Russian cuisine, like many places around the world, couldn’t exist without desserts. Rich homes traditionally had a practically unlimited choice of desserts, since richer houses had chefs and a larger budget for food products. However, even peasants had desserts on their tables.
Many desserts were baked, as the oven was a large part of any home. There are a wide variety of baked items in traditional Russian cuisine. Apples, pears and berries would be placed in a think pot and baked, often with a little honey. Carrots and beets could also be thinly sliced and dried for parenki, which were then added to tea.
Another common dessert involved boiled not only sweet fruits but vegetables (such as cucumbers and carrots). To keep the dish from burning, the whole pot was placed in a water bath. The result were chewy bites, similar to candied fruits, that were popular and easy to make even for the poorest of peasants. Also popular are uzvar and kissel, thick juices made from fruit. Kissel is thickened with starch, which makes it taste extra special.
Berries were very popular for desserts, including wild berries.
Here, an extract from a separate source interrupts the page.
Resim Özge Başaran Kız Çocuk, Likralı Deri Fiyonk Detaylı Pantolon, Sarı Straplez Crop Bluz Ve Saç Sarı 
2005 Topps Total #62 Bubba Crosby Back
Viburnum, mountain ash, raspberry, and currant would all be gathered and dried in the oven and turned into a thick paste. Lepyoshkas are flatbreads, sometimes with extra greens or vegetables in them, which made them good snacks for the winter or when you had a cold.
There were special desserts in Russia for holidays, such as Easter and New Year’s. Kulich are tall, cylindrical cakes decorated with a white frosting made specially for Easter, and pierogies were a must for New Year’s. Maslenitsa called for all sorts of sweet baked goods, especially blini (thin pancakes similar to crepes) with all sorts of fillings. Each family has their own special recipes, perfected and passed down through generations.